Invoking a table-valued function might feel unusual at first, but on the upside the overall statement is quite a bit less complex than the OVER aggregation shown above. This illustrates another potential benefit of PTFs: they let you encapsulate that logic in a reusable function, thus allowing for less complex and verbose queries. You might develop a library of parameterized PTFs tailored to your specific use cases, ready to be used by the data engineers in your organization for building streaming pipelines.

Summary and Discussion

Used for storing large values, Postgres TOAST columns are not fully represented in data change events for tables without replica identity FULL. As such, they create complexities for downstream consumers, which typically are better off with events describing the complete state of a row.

In this post, we’ve explored several solutions to address this issue. Debezium’s built-in reselect post processor queries the database for missing values. It can be a solution for simple cases, but it is prone to data races and can create performance issues. Stateful stream processing, using Apache Flink, is a powerful alternative. Flink provides multiple options for solving this task, ranging from a purely imperative solution using the DataStream API, over a purely SQL-based implementation in form of an OVER aggregation, to a hybrid solution with a custom process table function for state management, invoked from within a very basic SQL query.

To be officially released with Flink 2.1 later this year, the PTF approach strikes a very appealing balance between expressiveness and flexibility—​for instance in regards to managing the lifecycle of TOAST backfill data in the Flink state store—​and ease of use for authors of SQL queries.

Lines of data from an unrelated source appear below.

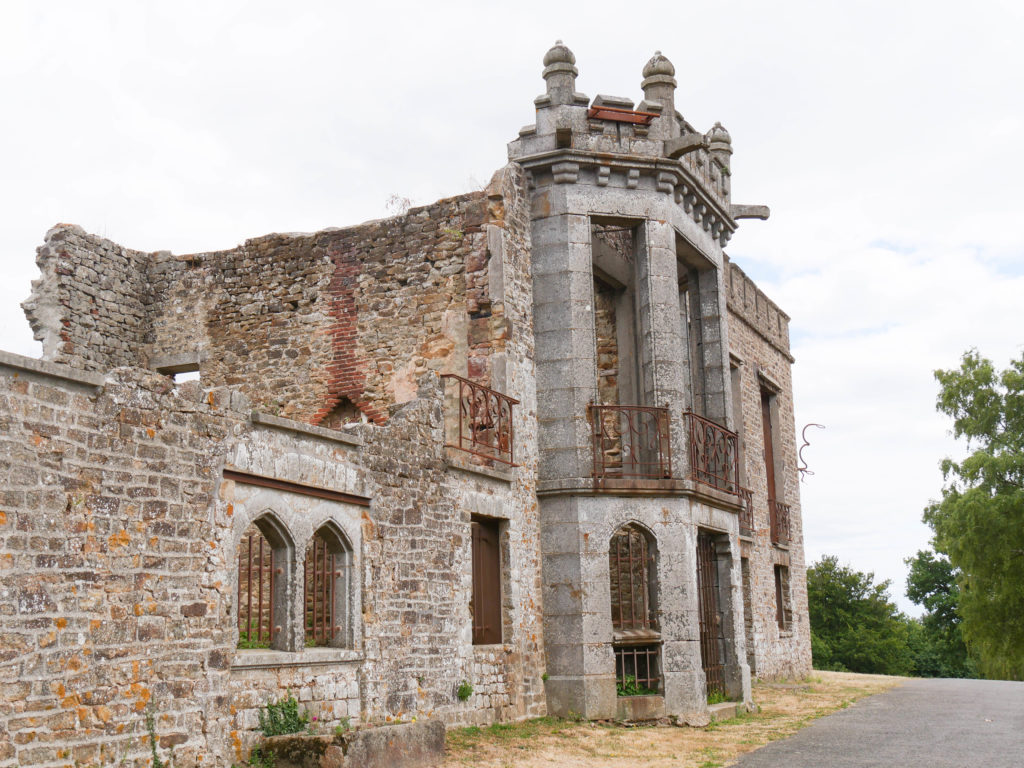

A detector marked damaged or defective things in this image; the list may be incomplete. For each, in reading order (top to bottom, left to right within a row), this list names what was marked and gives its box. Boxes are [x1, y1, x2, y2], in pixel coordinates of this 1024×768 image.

rusted metal railing [442, 374, 520, 464]
rusted metal railing [592, 404, 672, 484]
rusted metal railing [684, 412, 740, 496]
rusted metal railing [740, 488, 756, 536]
rusted metal railing [768, 498, 792, 544]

Now, could Debezium also provide a reliable and robust solution out of the box, thus eliminating the need for any subsequent processing? Indeed I think it could: Next to the existing re-select post processor, there could be another one which implements the backfilling logic described in this post. To do so, such a post processor could directly manage values in a persistent store such as RocksDB or SlateDB. Alternatively, it also could embed Flink into the connector process, using Flink’s mini-cluster deployment mode. I’ve logged issue DBZ-9078 for exploring this further; please reach out if this sounds interesting to you!

Many thanks to Andrew Sellers, Renato Mefi, and Steffen Hausmann for their feedback while writing this post!